From: Chao Yu <yuchao0@huawei.com>
To: jaegeuk@kernel.org
Cc: chao@kernel.org, linux-kernel@vger.kernel.org,
linux-f2fs-devel@lists.sourceforge.net
Subject: [PATCH] f2fs: fix fdatasync
Date: Wed, 16 Nov 2016 20:12:11 +0800 [thread overview]
Message-ID: <20161116121211.11790-1-yuchao0@huawei.com> (raw)
For below two cases, we can't guarantee data consistence:
a)
1. xfs_io "pwrite 0 4195328" "fsync"
2. xfs_io "pwrite 4195328 1024" "fdatasync"
3. godown
4. umount & mount
--> isize we updated before fdatasync won't be recovered
b)
1. xfs_io "pwrite -S 0xcc 0 4202496" "fsync"

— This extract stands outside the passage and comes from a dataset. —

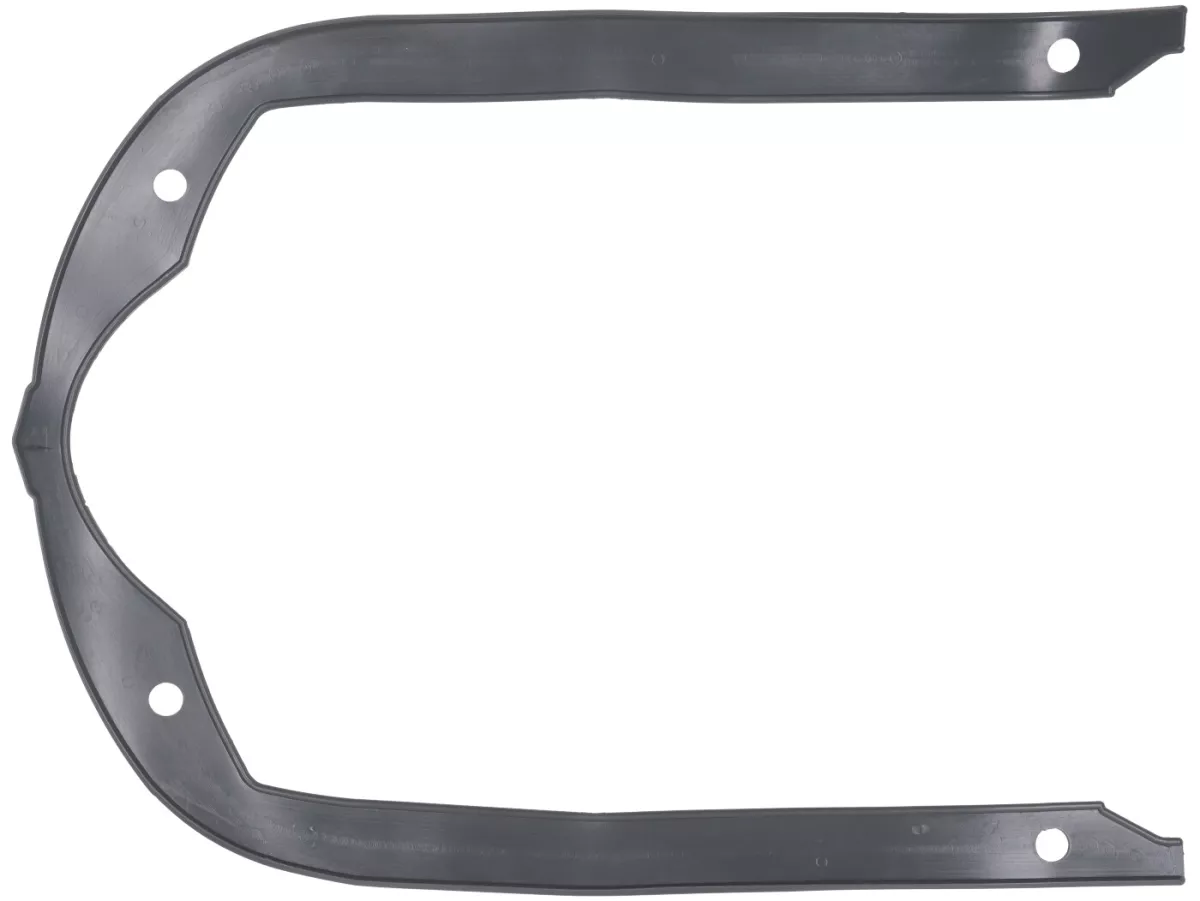 Spatbord rubber -LAMBRETTA- Lambretta J50, J100, J125, 50 DL - Grijs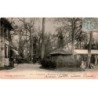 FONTAINEBLEAU: franchard restaurant de franchard - très bon état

2. xfs_io "fpunch 4194304 4096" "fdatasync"
3. godown
4. umount & mount
--> dnode we punched before fdatasync won't be recovered
The reason is that normally fdatasync won't be aware of modification
of metadata in file, e.g. isize changing, dnode updating, so in ->fsync
we will skip flushing node pages for above cases, result in making
fdatasynced file being lost during recovery.
Introduce FDATASYNC_INO global ino cache for tracking node changing,
later fdatasync choose to flush nodes depend on ino cache state.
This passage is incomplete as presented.